▶ **PROBLEM STATEMENT**:
All of the listing, from first line to last, should be output exactly; the pictures stay out.

▶ **LISTED RECORDS**:
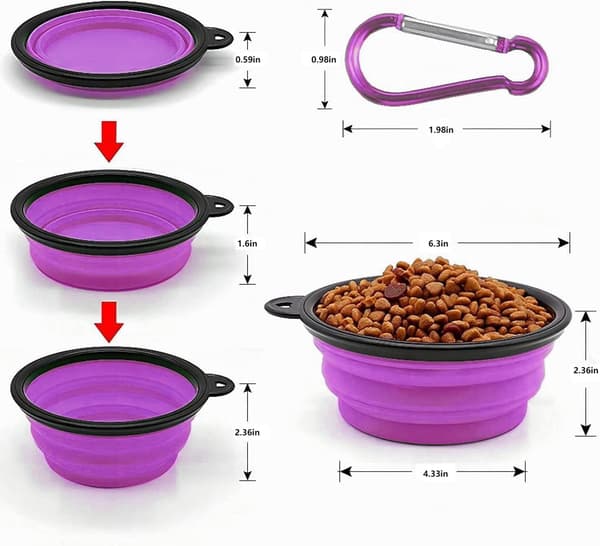 Sammenklappelig bærbar hundeskål til katte og hunde, foder- og vandskål til kæledyr med karabinhage Purple Medium(650ML)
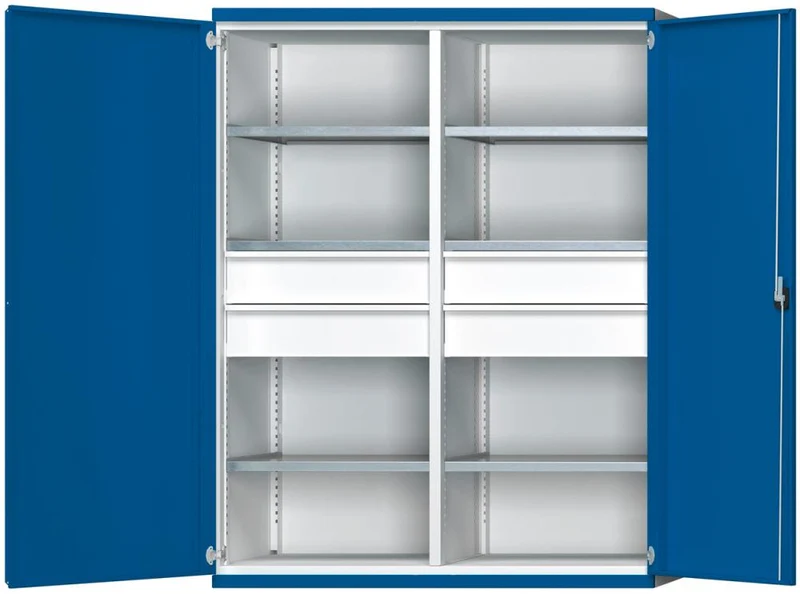Armoire lourde ANKE, L1485xP690xH1950mm RAL7035/5010 avec cloison centrale, 6 étagères, 4 tiroirs 200kg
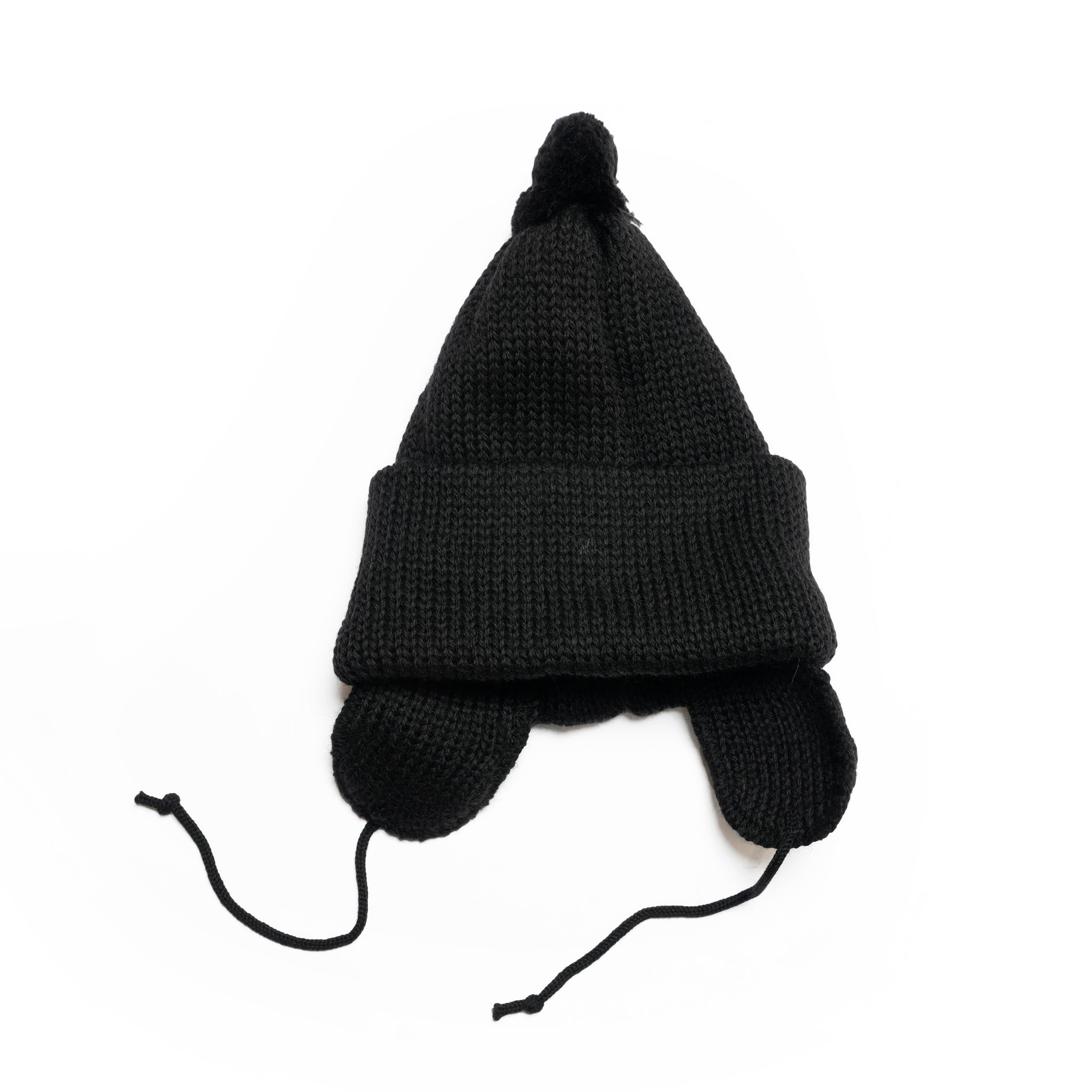 3g Solid Bobcap w/ear Cover&PomPom&Rope | Color_Jet Black | No_hl-25fw-0007_jet black【HIGHLAND 2000_ハイランドトゥーサウザンド】【ネコポス選択可能】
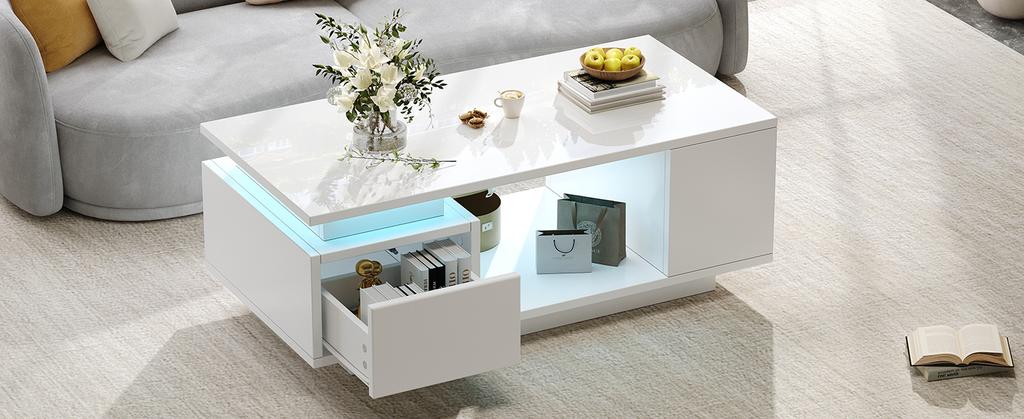 100*50*36cm Couchtisch mit Schublade, LED-Beistelltisch, Wohnzimmertisch mit vier seitlichen Staufächern und einem Aussparungsdesign in der Mitte. Weiß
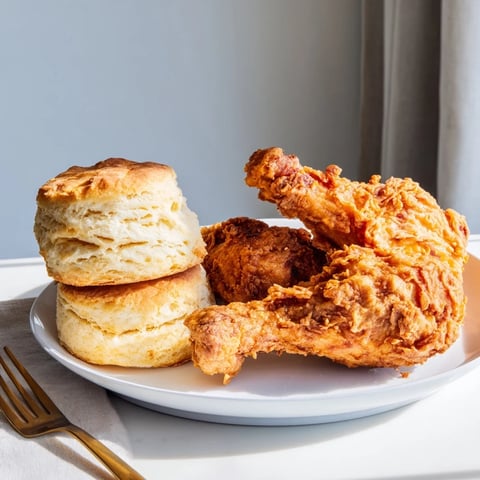 Golden-brown Southern fried chicken with fluffy buttermilk biscuits, a comforting homemade meal.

▶ **EXERCISE RESULT**:
 Sammenklappelig bærbar hundeskål til katte og hunde, foder- og vandskål til kæledyr med karabinhage Purple Medium(650ML)
Armoire lourde ANKE, L1485xP690xH1950mm RAL7035/5010 avec cloison centrale, 6 étagères, 4 tiroirs 200kg
 3g Solid Bobcap w/ear Cover&PomPom&Rope | Color_Jet Black | No_hl-25fw-0007_jet black【HIGHLAND 2000_ハイランドトゥーサウザンド】【ネコポス選択可能】
 100*50*36cm Couchtisch mit Schublade, LED-Beistelltisch, Wohnzimmertisch mit vier seitlichen Staufächern und einem Aussparungsdesign in der Mitte. Weiß
 Golden-brown Southern fried chicken with fluffy buttermilk biscuits, a comforting homemade meal.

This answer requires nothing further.